---------- MATERIAL PROVIDED

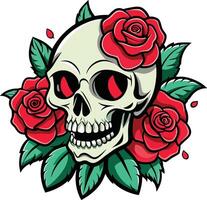 Skull with red roses on the white background. Vector illustration.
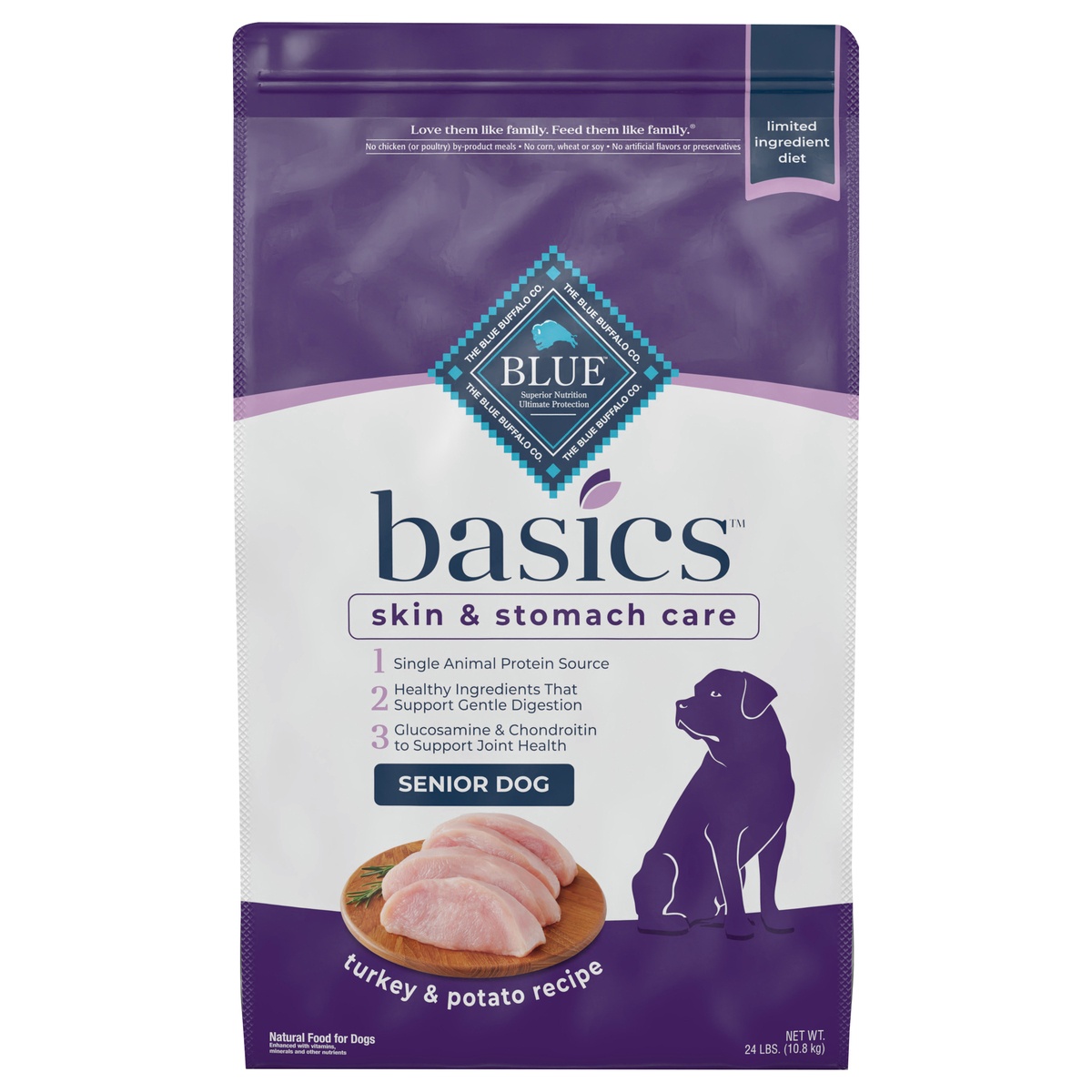 slide 1 of 1, Blue Buffalo Basics Skin & Stomach Care, Natural Senior Dry Dog Food, Turkey & Potato 24-lb, 24 lb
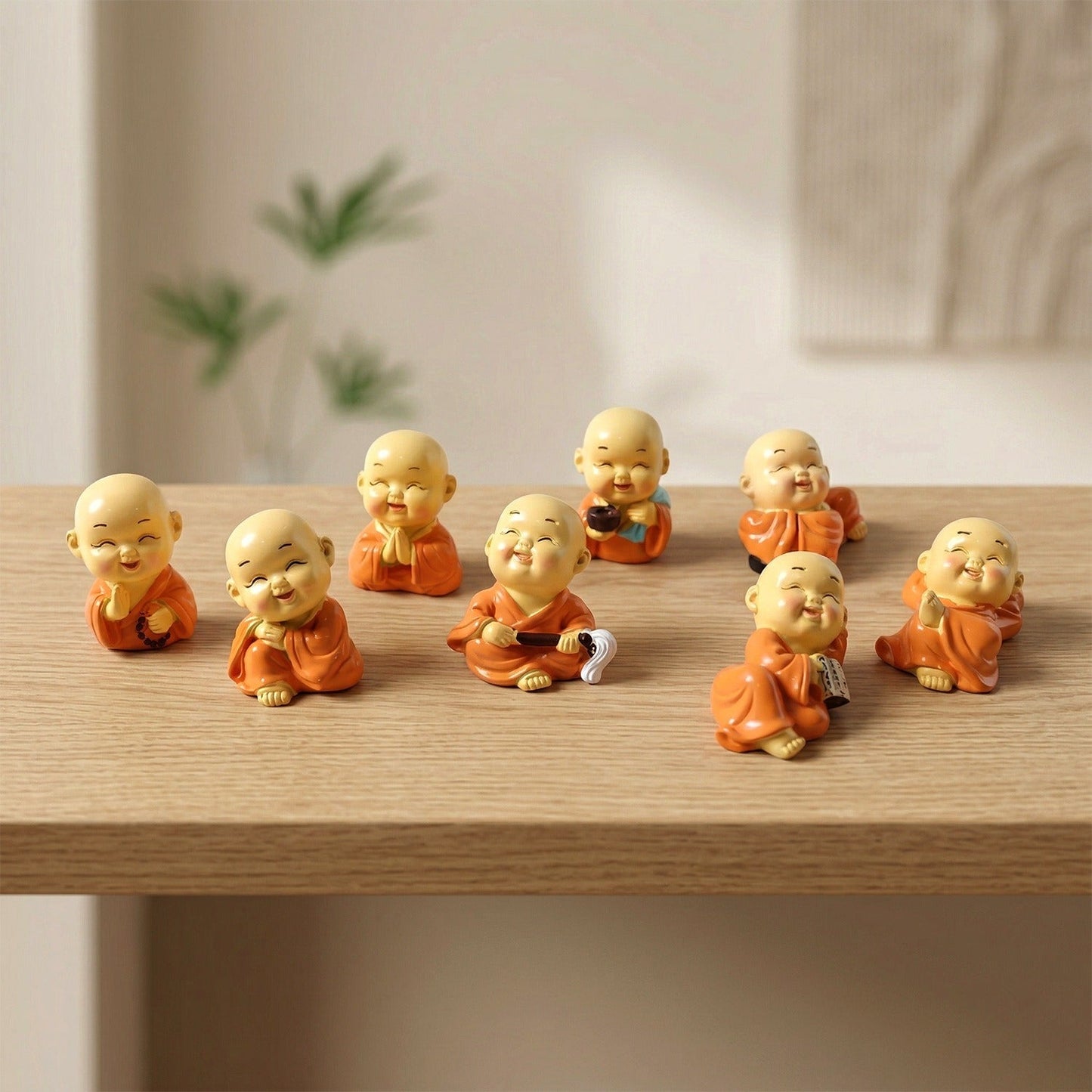 Mini Monk Buddha statue set for home, office, or car peaceful decor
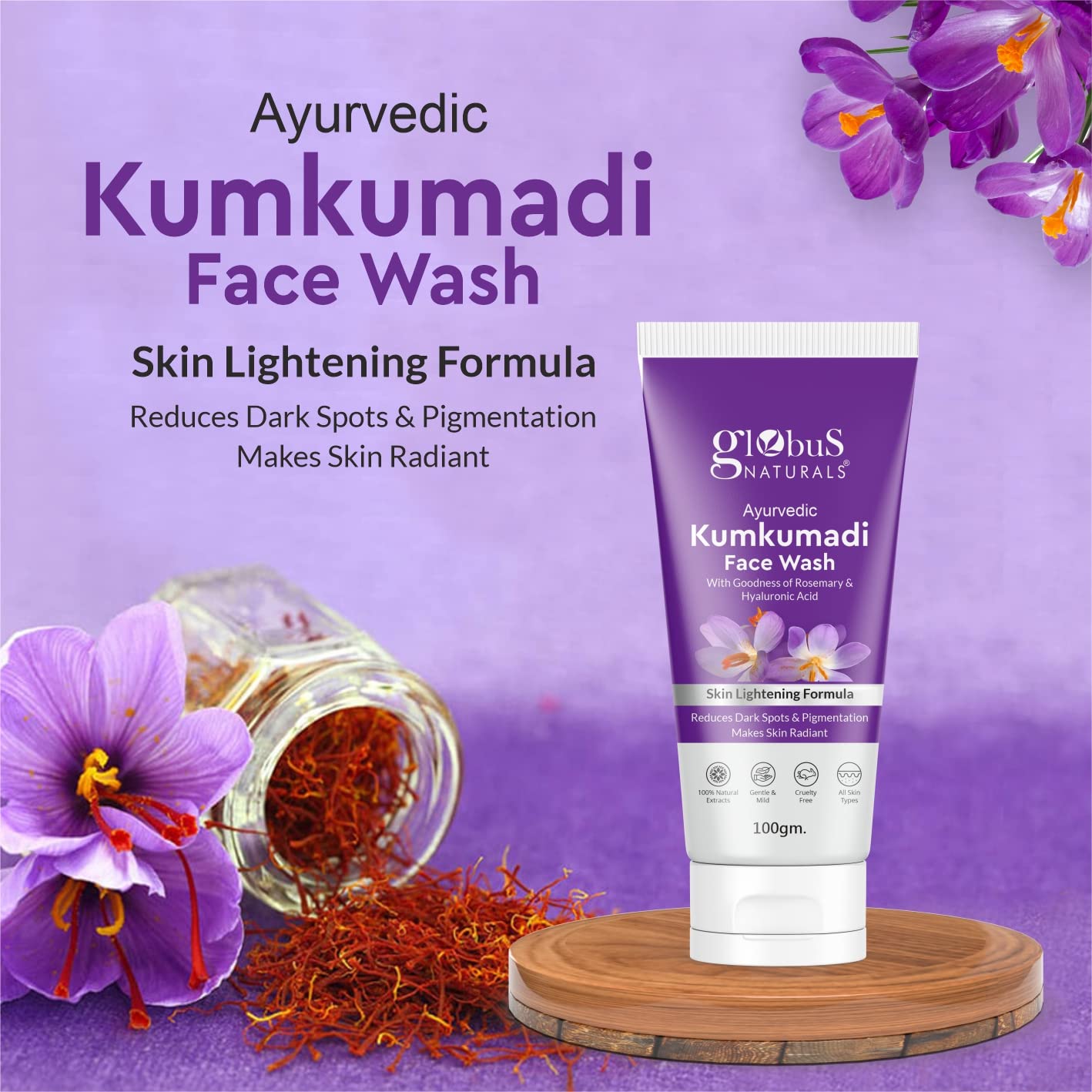 **Globus Naturals Kumkumadi Skin Lightening Face Care Combo Set - 4 Products (Face Wash, Scrub, Cream & Pack) for Brightening & Glowing Skin - Perfect for Daily Skincare Routine & Special Occasion Prep**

--------------------

# AIM OF THE EXERCISE:
Reproduce, unchanged, each line between the one with "Mini Monk Buddha" and the last line of the material, both included; the pictures do not go in.

# RESULT OF THIS EXERCISE:
 Mini Monk Buddha statue set for home, office, or car peaceful decor
 **Globus Naturals Kumkumadi Skin Lightening Face Care Combo Set - 4 Products (Face Wash, Scrub, Cream & Pack) for Brightening & Glowing Skin - Perfect for Daily Skincare Routine & Special Occasion Prep**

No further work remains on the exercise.